CS 3343/3341, Matrix-chain Multiplications

CS3343/3341
Analysis of Algorithms

Matrix-chain
Multiplications

Matrix-chain Multiplications: Matrix multiplication is not commutative, but it is associative. For matrices that are not square, the order of assiciation can make a big difference. Dynamic programming solves this problem (see your text, pages 370-378). This example has nothing to do with Strassen's method of matrix multiplication.

First, recall that if one wants to multiply two matrices, the number of rows of the second one must equal the number of columns of the first, so that they must look like: (p x q) * (q x r) = (p x r), because we keep taking a row of the first times (inner product) a column of the second (they have to "fit together'). In this example, we do p*r inner products, and each inner product involves q multiplications, so there are p*q*r multiplications altogether.

Following your text's example, consider a chain of three matrix multiplications: (10 x 100) * (100 x 5) * (5 x 50).
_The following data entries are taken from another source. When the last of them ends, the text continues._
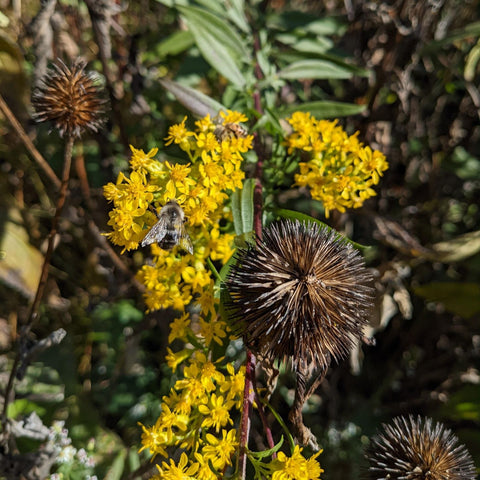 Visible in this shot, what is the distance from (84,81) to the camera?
1.86 m

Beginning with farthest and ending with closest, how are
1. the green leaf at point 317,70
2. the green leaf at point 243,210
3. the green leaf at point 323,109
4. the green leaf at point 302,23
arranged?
1. the green leaf at point 302,23
2. the green leaf at point 317,70
3. the green leaf at point 323,109
4. the green leaf at point 243,210

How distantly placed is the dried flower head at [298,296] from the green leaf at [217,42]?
3.05 ft

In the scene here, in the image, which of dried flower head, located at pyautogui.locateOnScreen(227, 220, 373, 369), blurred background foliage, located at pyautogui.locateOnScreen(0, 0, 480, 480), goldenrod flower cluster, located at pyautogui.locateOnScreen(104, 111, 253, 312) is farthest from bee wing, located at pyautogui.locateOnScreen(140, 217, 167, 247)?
blurred background foliage, located at pyautogui.locateOnScreen(0, 0, 480, 480)

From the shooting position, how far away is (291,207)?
111 inches

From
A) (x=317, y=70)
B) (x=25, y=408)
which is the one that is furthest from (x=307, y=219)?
(x=25, y=408)

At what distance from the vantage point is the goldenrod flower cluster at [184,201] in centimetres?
158

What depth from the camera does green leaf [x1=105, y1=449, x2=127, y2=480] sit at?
2.10 m

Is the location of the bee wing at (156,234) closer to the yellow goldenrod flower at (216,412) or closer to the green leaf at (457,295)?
the yellow goldenrod flower at (216,412)

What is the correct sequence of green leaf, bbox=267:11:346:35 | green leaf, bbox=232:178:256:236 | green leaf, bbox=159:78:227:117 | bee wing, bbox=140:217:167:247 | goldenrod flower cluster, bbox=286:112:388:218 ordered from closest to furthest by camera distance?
bee wing, bbox=140:217:167:247 → green leaf, bbox=232:178:256:236 → goldenrod flower cluster, bbox=286:112:388:218 → green leaf, bbox=159:78:227:117 → green leaf, bbox=267:11:346:35

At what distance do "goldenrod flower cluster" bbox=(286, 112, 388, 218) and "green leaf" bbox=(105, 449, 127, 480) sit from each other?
1433mm

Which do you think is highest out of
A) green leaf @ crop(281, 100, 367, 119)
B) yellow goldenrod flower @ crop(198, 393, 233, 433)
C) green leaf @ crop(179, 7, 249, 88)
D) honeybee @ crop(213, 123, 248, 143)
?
green leaf @ crop(179, 7, 249, 88)

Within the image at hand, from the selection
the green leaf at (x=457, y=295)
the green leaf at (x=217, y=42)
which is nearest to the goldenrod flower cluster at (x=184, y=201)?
the green leaf at (x=217, y=42)

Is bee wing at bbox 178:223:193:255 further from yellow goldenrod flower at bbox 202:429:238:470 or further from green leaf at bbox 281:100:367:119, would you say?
green leaf at bbox 281:100:367:119

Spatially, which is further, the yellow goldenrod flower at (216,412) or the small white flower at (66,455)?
the small white flower at (66,455) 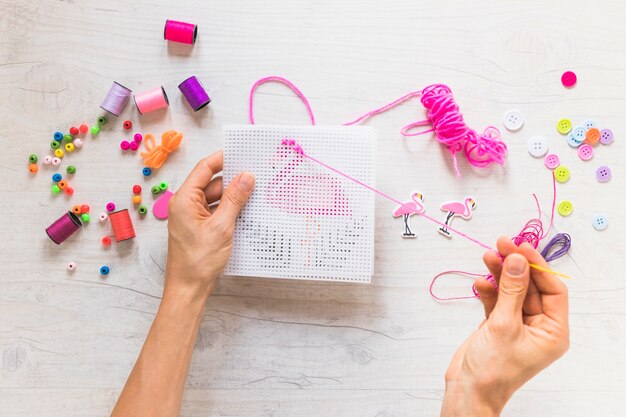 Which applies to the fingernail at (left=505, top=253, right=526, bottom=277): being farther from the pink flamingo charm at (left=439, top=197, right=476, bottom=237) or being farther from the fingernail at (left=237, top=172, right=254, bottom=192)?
the fingernail at (left=237, top=172, right=254, bottom=192)

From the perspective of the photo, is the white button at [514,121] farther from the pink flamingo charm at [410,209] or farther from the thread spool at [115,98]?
the thread spool at [115,98]

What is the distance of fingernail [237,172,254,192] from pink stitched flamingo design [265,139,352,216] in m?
0.04

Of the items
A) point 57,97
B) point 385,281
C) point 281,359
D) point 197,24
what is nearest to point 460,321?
point 385,281

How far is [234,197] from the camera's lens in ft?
3.60

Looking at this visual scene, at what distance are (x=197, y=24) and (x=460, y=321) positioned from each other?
0.90m

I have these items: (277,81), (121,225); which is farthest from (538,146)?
(121,225)

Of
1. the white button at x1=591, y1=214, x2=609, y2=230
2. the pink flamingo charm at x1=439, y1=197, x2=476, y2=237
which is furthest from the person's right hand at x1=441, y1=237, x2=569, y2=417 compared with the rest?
the white button at x1=591, y1=214, x2=609, y2=230

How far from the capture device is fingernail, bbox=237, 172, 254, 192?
1.10 m

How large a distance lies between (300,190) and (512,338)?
492 mm

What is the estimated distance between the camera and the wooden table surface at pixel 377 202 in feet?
3.91

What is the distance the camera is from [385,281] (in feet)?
3.95

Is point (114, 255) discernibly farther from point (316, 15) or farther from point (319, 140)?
point (316, 15)

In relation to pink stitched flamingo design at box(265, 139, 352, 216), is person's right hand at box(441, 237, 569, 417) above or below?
below

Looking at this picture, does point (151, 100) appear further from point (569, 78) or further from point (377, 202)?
point (569, 78)
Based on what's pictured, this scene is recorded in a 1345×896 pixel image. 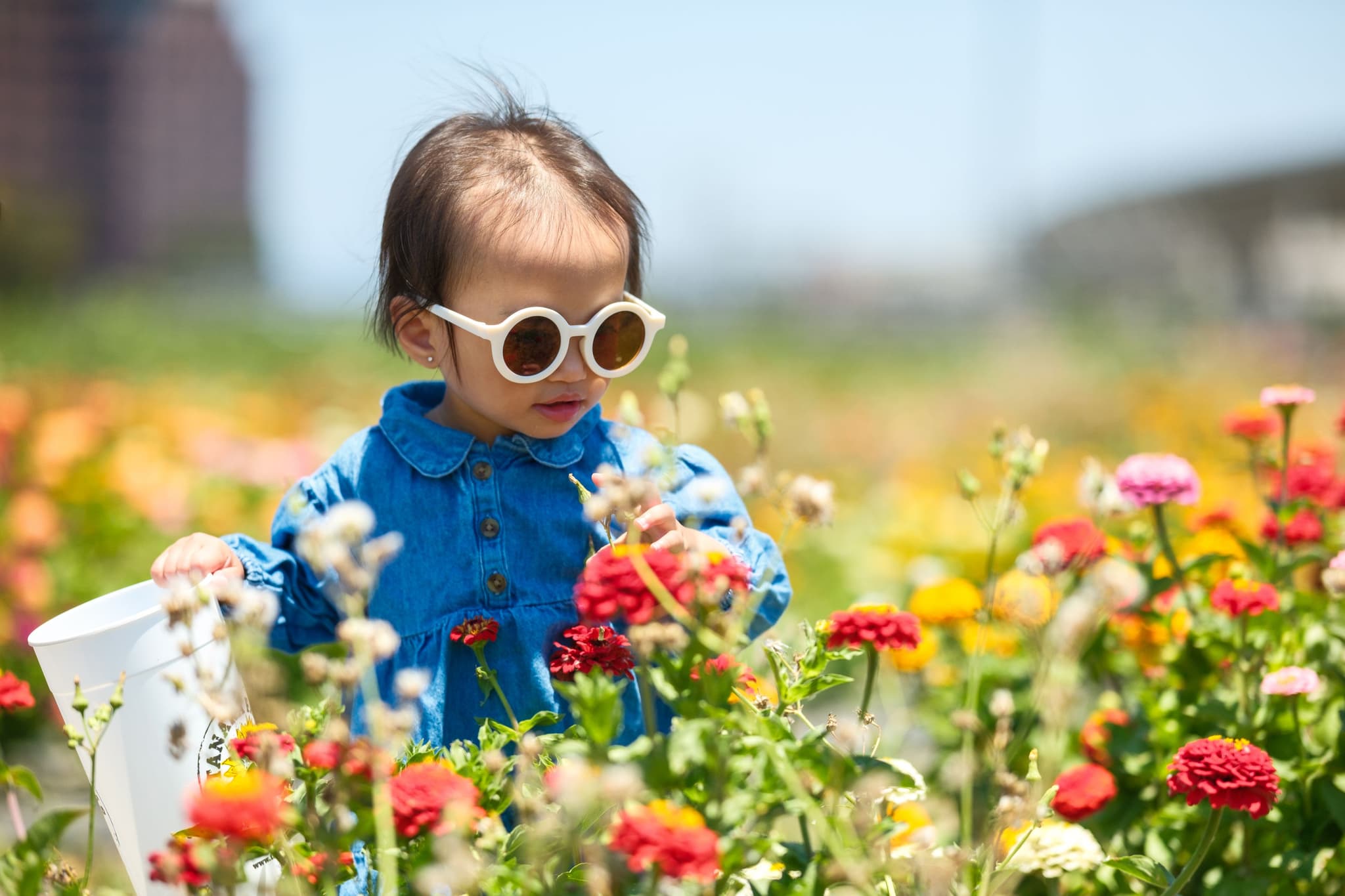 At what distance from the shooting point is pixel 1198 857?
1242 mm

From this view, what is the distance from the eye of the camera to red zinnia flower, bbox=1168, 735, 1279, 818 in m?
1.23

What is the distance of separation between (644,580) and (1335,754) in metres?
1.15

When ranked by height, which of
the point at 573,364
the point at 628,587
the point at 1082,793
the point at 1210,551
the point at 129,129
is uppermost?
the point at 129,129

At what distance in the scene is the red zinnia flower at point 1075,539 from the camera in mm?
1777

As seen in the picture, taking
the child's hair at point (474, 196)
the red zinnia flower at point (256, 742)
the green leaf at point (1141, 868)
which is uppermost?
the child's hair at point (474, 196)

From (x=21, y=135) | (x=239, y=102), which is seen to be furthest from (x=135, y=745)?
(x=239, y=102)

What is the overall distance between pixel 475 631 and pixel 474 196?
56 cm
There are two ways to associate this triple product, each giving the same answer:

[(10 x 100) * (100 x 5)] * (5 x 50) = (10 x 5) * (5 x 50) = (10 x 50)
Multiplications: (10*100*5) + (10*5*50) = 5000 + 2500 = 7500

(10 x 100) * [(100 x 5) * (5 x 50)] = (10 x 100) * (100 x 50) = (10 x 50)
Multiplications: 100*5*50 + 10*100*50 = 25000 + 50000 = 75000

This is an extreme example, but the two different way differ by a factor of 10. We can represent the sizes of this triple product by a simple list of 4 numbers: {10,100,5,50}. We know the remaining dimensions since the matrices must fit together.

A chain of a product of n matrices is described by a list of n+1 numbers. Your text's standard example is given by the list: {30,35,15,5,10,20,25}. Then a triangular table is constructed from the bottom up, choosing the best way to do the final multiplication at each stage. Here is an illustration from your text (page 376).
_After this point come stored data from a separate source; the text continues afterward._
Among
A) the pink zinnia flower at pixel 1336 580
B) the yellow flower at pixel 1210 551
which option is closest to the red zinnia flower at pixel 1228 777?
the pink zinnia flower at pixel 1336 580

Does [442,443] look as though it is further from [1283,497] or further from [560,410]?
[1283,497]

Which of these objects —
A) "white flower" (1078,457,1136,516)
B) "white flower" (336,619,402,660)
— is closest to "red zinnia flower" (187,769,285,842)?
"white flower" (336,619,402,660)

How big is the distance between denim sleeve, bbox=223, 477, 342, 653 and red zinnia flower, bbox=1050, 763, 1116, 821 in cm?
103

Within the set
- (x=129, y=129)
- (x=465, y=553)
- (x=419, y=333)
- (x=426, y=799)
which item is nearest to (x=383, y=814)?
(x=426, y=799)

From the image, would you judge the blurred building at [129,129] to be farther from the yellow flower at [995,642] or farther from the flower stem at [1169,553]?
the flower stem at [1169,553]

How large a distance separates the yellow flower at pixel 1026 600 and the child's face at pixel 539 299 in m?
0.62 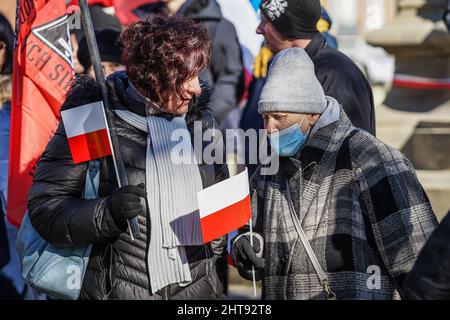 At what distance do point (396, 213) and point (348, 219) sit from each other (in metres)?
0.19

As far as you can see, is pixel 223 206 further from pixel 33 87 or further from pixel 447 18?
pixel 447 18

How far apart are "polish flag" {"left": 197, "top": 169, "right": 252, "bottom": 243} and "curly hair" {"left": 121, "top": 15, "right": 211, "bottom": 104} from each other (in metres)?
0.43

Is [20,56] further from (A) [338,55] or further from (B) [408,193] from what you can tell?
(B) [408,193]

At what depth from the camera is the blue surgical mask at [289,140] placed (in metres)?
3.89

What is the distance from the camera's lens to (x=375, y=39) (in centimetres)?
844

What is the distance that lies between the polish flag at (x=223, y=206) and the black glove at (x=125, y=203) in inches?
8.9

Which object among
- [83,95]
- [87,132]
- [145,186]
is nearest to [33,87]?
[83,95]

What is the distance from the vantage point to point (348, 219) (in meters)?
3.80

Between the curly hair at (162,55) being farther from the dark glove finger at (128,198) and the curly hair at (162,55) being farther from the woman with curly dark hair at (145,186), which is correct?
the dark glove finger at (128,198)

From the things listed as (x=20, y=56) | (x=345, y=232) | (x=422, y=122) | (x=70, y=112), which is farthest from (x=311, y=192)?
(x=422, y=122)

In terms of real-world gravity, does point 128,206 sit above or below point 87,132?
below

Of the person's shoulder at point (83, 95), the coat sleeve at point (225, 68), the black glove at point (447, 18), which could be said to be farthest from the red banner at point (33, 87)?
the black glove at point (447, 18)

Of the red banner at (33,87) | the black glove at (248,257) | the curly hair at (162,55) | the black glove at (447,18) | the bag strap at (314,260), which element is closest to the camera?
the bag strap at (314,260) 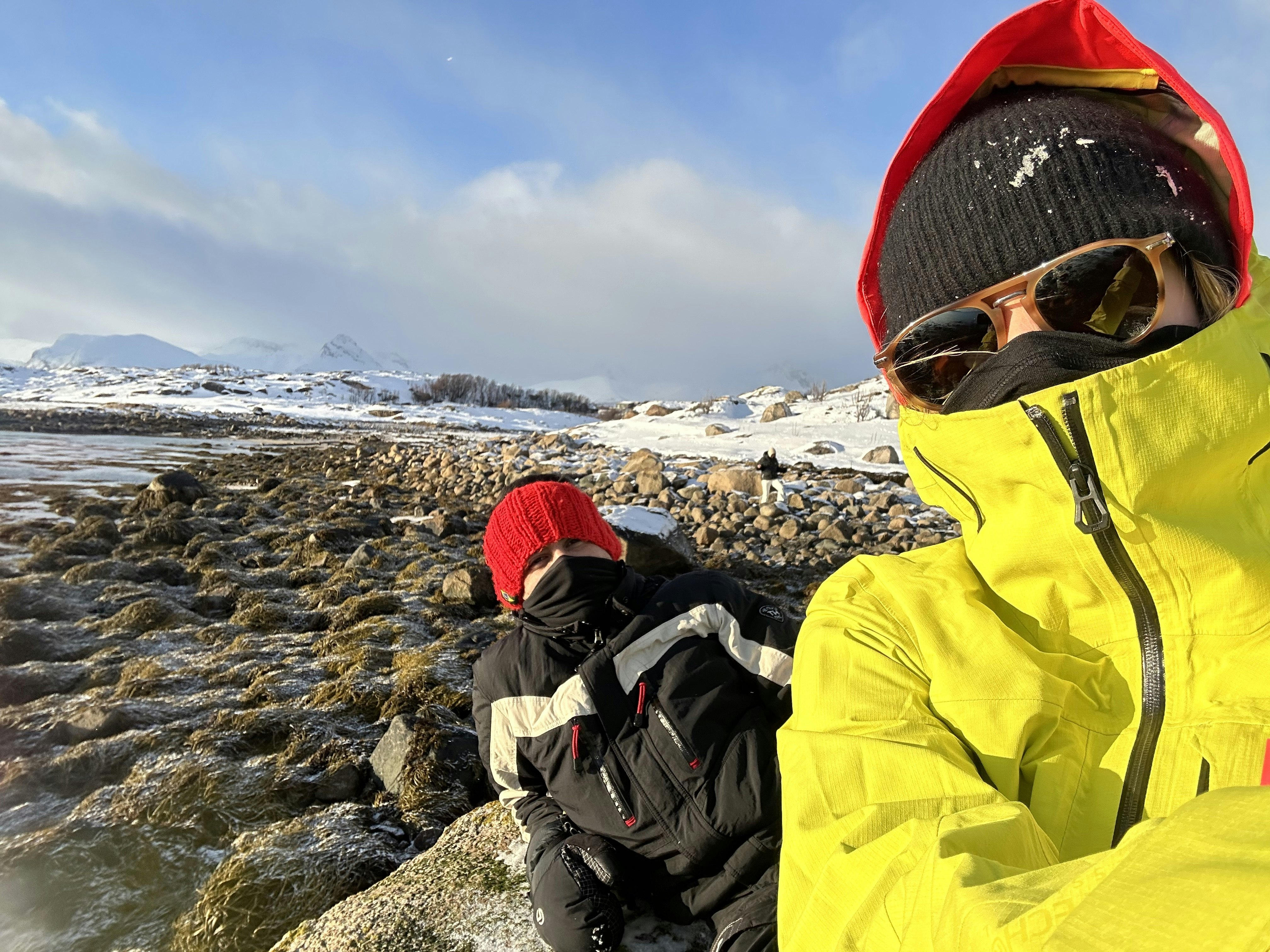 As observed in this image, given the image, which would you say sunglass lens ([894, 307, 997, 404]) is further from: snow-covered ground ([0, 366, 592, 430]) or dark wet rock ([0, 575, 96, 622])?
snow-covered ground ([0, 366, 592, 430])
Click picture or here for full size picture.

We start with a list of matrices: {A₁,A₁,...,A_n} for some n >= 1. There is also a list of integers {p₀,p₁,...,p_n} such for each i, A_i has dimensions p_i-1 x p_i.

Your text denotes by A_i..j, for i <= j, the matrix resulting from the chain multiplication A_i*A_i+1*...*A_j. This matrix is independent of the association, and we are only interested in the required number of scalar multiplications needed for this computation. In the diagram above, the table entry m[i,j] holds the minimum number of scalar multiplications needed to compute the matrix chain A_i..j. Of course, A_i..j = 0. Then A_i..i+1 is just the product of the two matrices A_i*A_i+1.

In case i < j, then however one associates (inserts parentheses), in calculating A_i..j there has to be a last product calculated. This means there is a k so that A_i..j = A_i..k*A_k..j. The number of multiplications in this case is given by m[i,k] + m[k+1,j] + p_i-1*p_k*p_j. In order to calculate m[i,j], one has to take the minimum of the above expression for all k satisfying 1 <= k < j.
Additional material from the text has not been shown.